Agents need well-integrated data
Before continuing this thought, let us take a quick peek under the hood: how *does* an agent benefit from all of this information? Agents don’t work in isolation but make use of more specialized agents and sometimes also of less agentic systems referred to as “tools”.
Those tools provide information or take care of tasks that the parent agent doesn’t know how to do. Remember the inability of early chatbots to do math? Well, nowadays they reach out to a tool that does math properly. And similarly, in our example above, the agent will reach out to a tool that knows how to get complete information about a customer. Note that this tool does not just provide access to the CRM and all those other systems directly. Why? Because the agent couldn’t care less about which systems you are using to store various parts of customer info. It only wants information (and all of it, please!) about customers so it can continue doing its job using a holistic perspective.
If this sounds a bit like a data integration challenge, that’s because it is. For truly powerful agents, we need to provide them with the right type of tools: tools that give them the information they need, not just more or less blind access to data sources.

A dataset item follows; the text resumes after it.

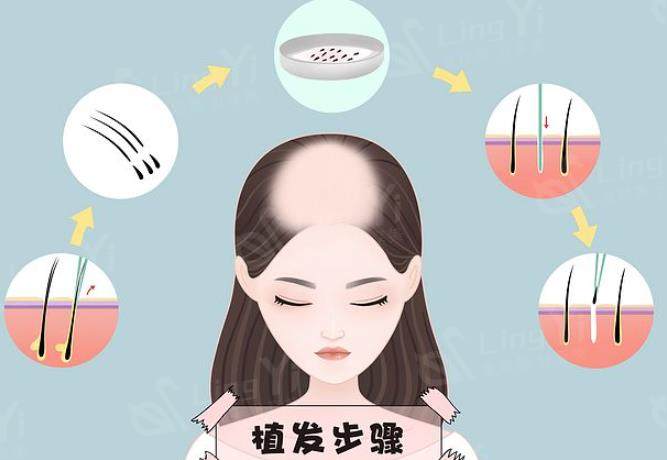 重庆植发哪家强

That was and is a data engineering job. Can we sometimes ask another AI to take care of that? Of course! But for the types of information that are needed regularly (such as: what do we know about this customer), spending the extra effort and providing our agents with the appropriate view on that information is time well spent. Because the less grunt work our agent has to do, the more it can focus on the real job, just like us humans.
And just like before, removing the data integration from the data platforms also future proofs your investment in agents. That way, when you swap out your ticketing system, you only need to adjust that middle layer of integration tools. The data mesh is alive and well – good data makes humans effective, and it now also helps agents do their jobs better, too.